(Collected data entries)
=== Begin Enclosure ===
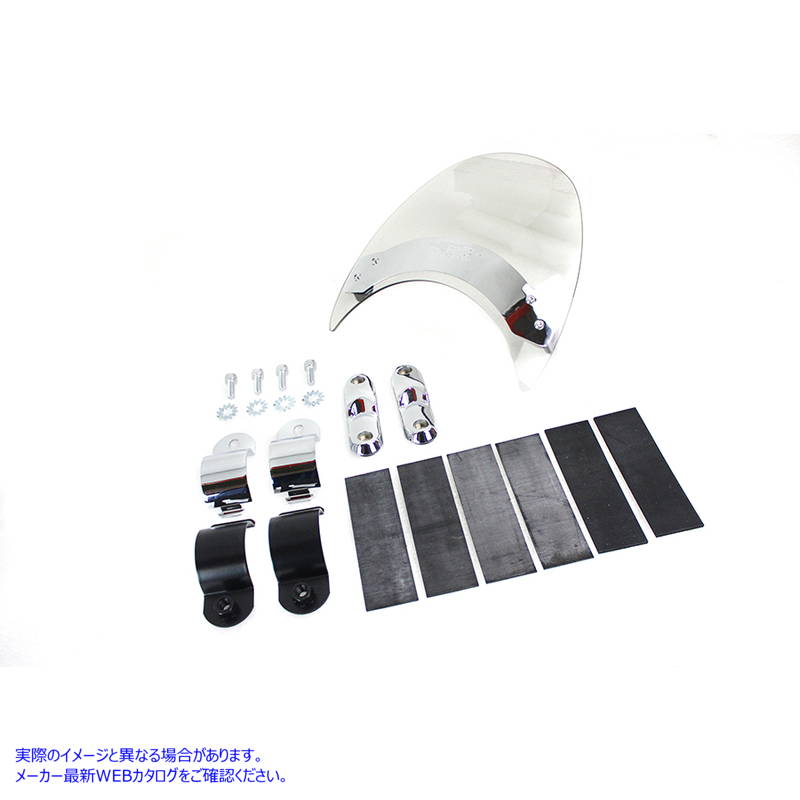 51-0374 ライトグレーの色合いのフライスクリーン フロントガラス 取寄せ Vツイン Flyscreen Windshield with Light Grey Tint (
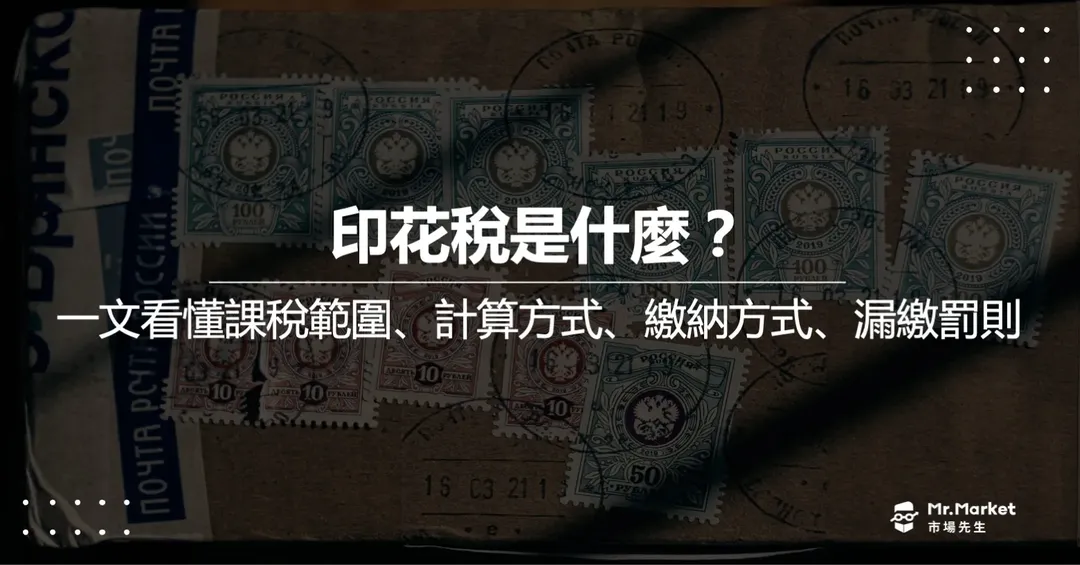 印花稅是什麼？如何計算？漏繳印花稅會有什麼後果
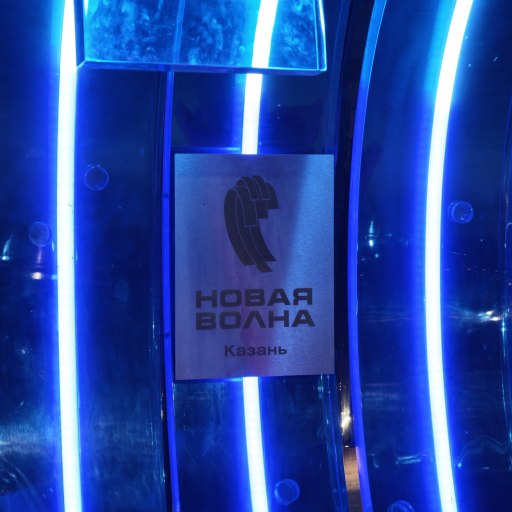 Инсталляция Новая Волна 1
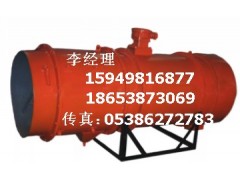 泰安礦用濕式除塵風機KCS-300D多少錢？泰山礦山機械告訴你價格-- 山東泰山礦山機械有限公司銷售部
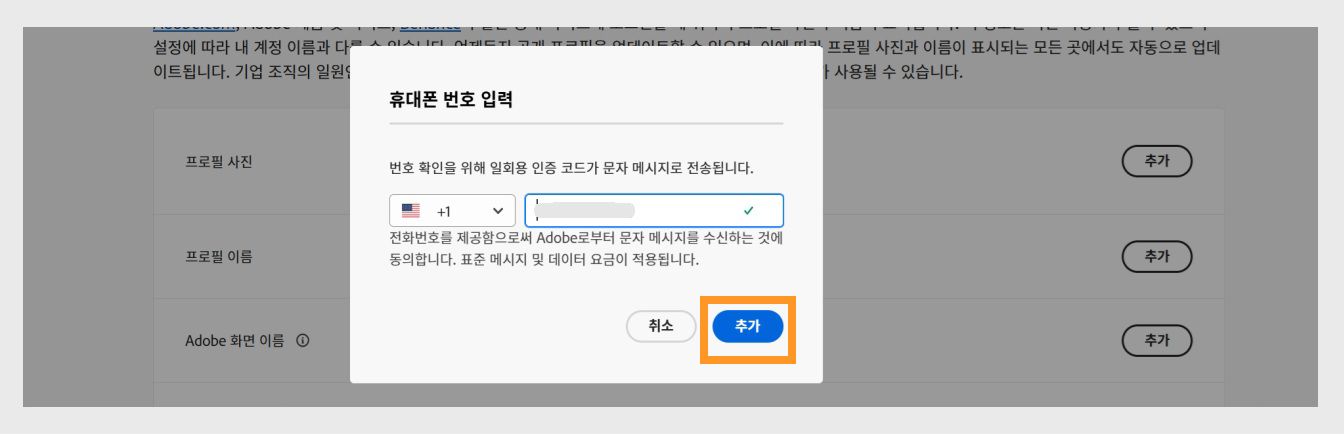 전화번호 입력 대화 상자의 오른쪽 하단에 있는 [추가] 버튼을 사용하면 전화번호를 추가한 후 다음 단계로 진행할 수 있습니다. 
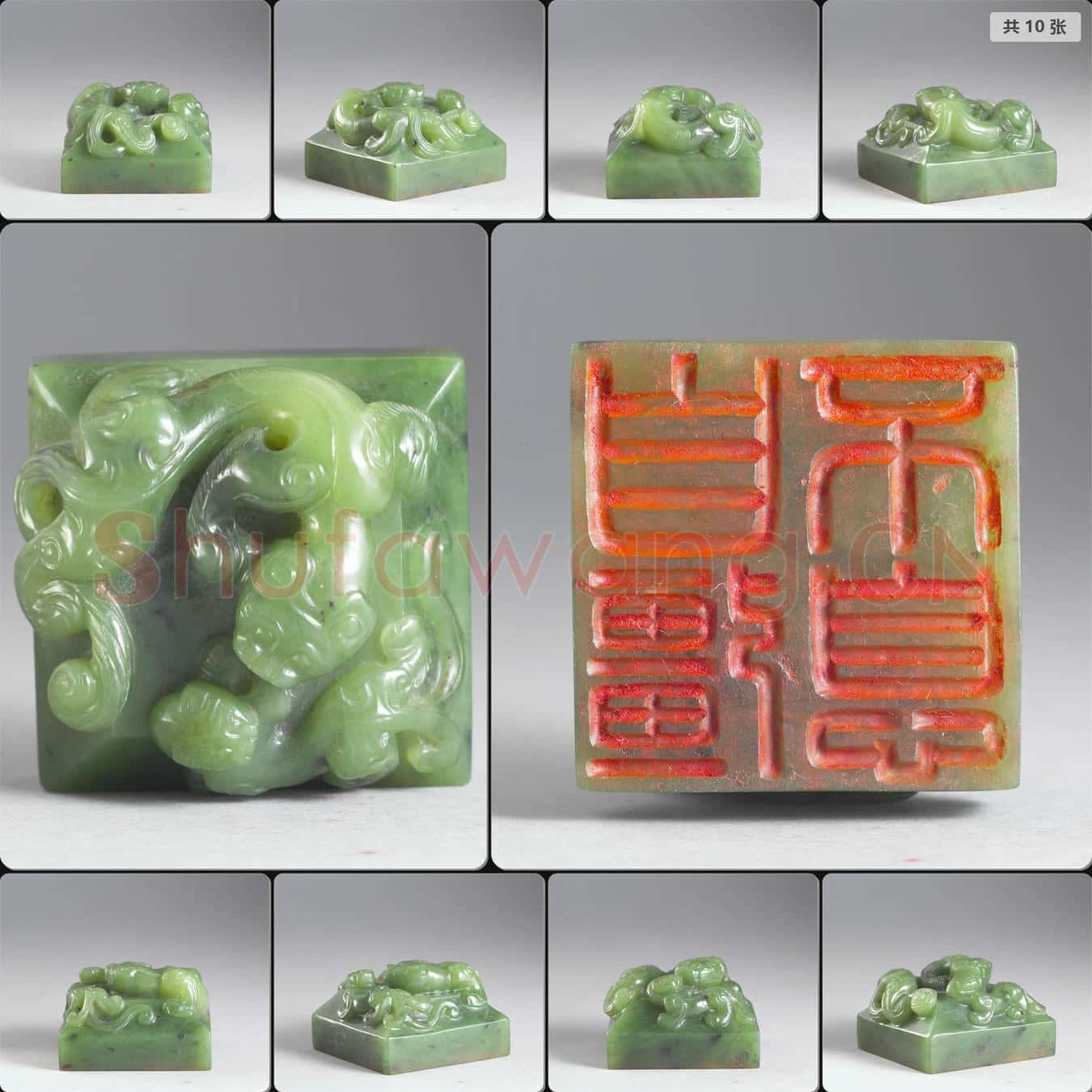 清乾隆 (自彊不息)玉印
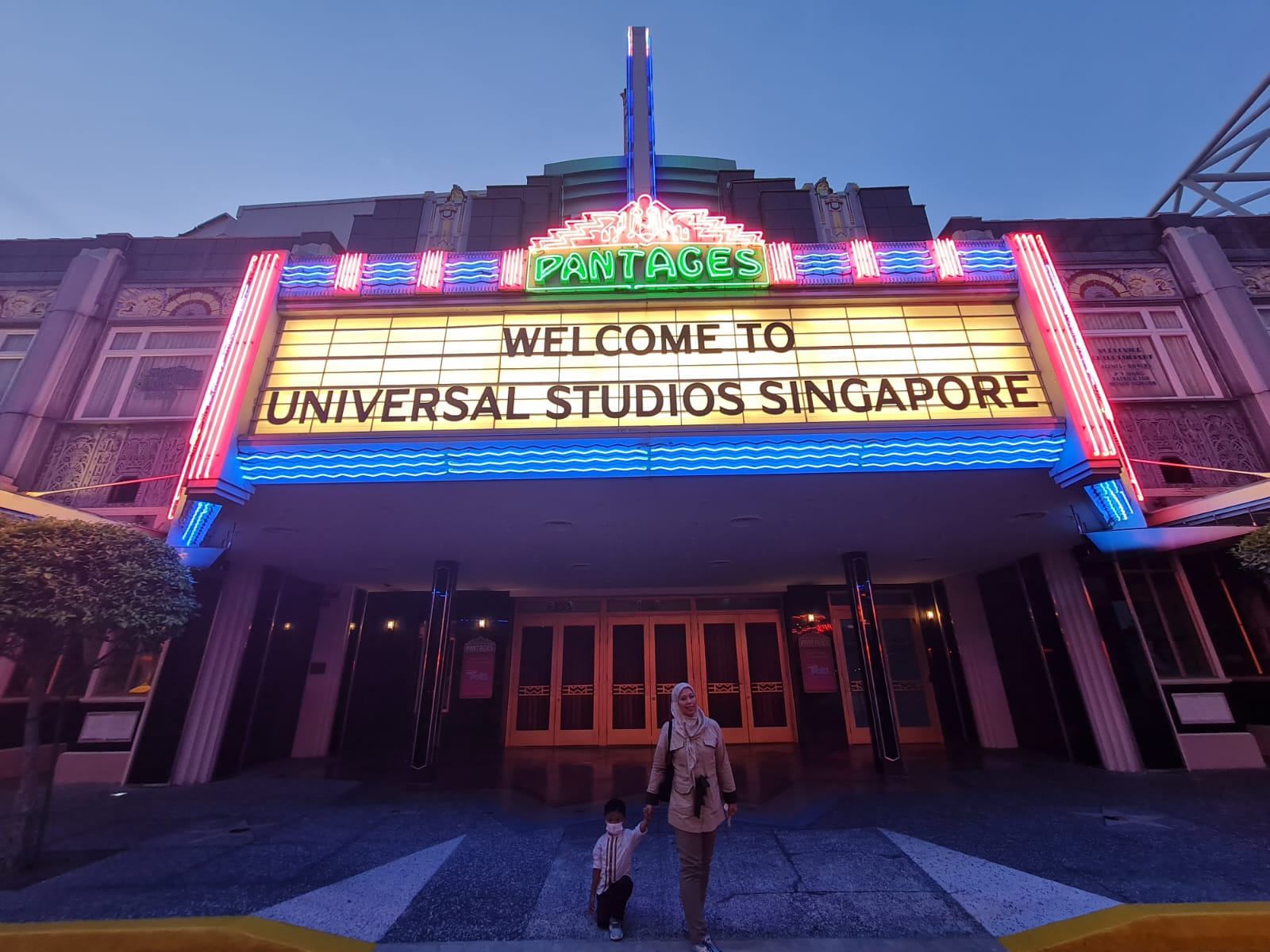 WhatsApp Image 2022-08-02 at 10.03.36 PM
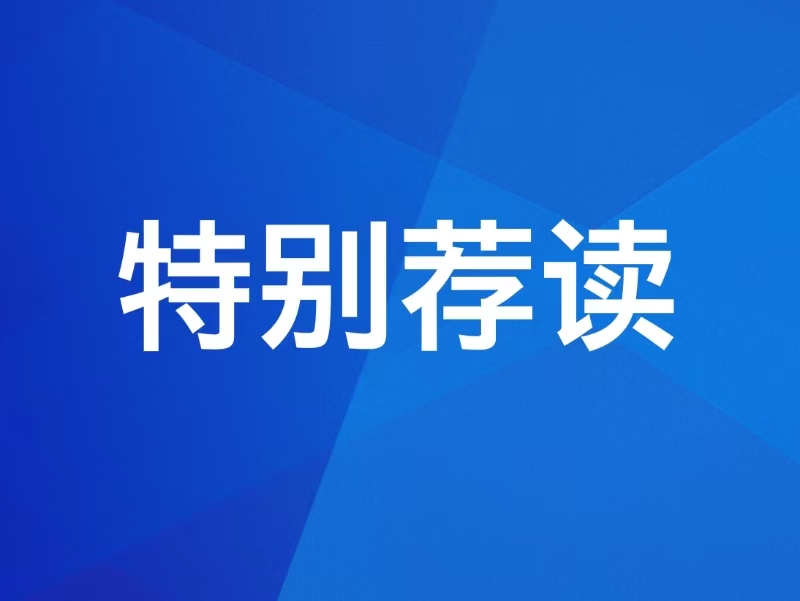 【特别荐读】习近平总书记重要文章《推动全民阅读，建设书香社会》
=== End Enclosure ===
DIRECTIONS> Above are the records. Copy exactly, and only, the lines from the line containing "Инсталляция Новая Волна 1" through the last one, omitting any pictures.

SOLUTION TO THE PROBLEM>
 Инсталляция Новая Волна 1
 泰安礦用濕式除塵風機KCS-300D多少錢？泰山礦山機械告訴你價格-- 山東泰山礦山機械有限公司銷售部
 전화번호 입력 대화 상자의 오른쪽 하단에 있는 [추가] 버튼을 사용하면 전화번호를 추가한 후 다음 단계로 진행할 수 있습니다. 
 清乾隆 (自彊不息)玉印
 WhatsApp Image 2022-08-02 at 10.03.36 PM
 【特别荐读】习近平总书记重要文章《推动全民阅读，建设书香社会》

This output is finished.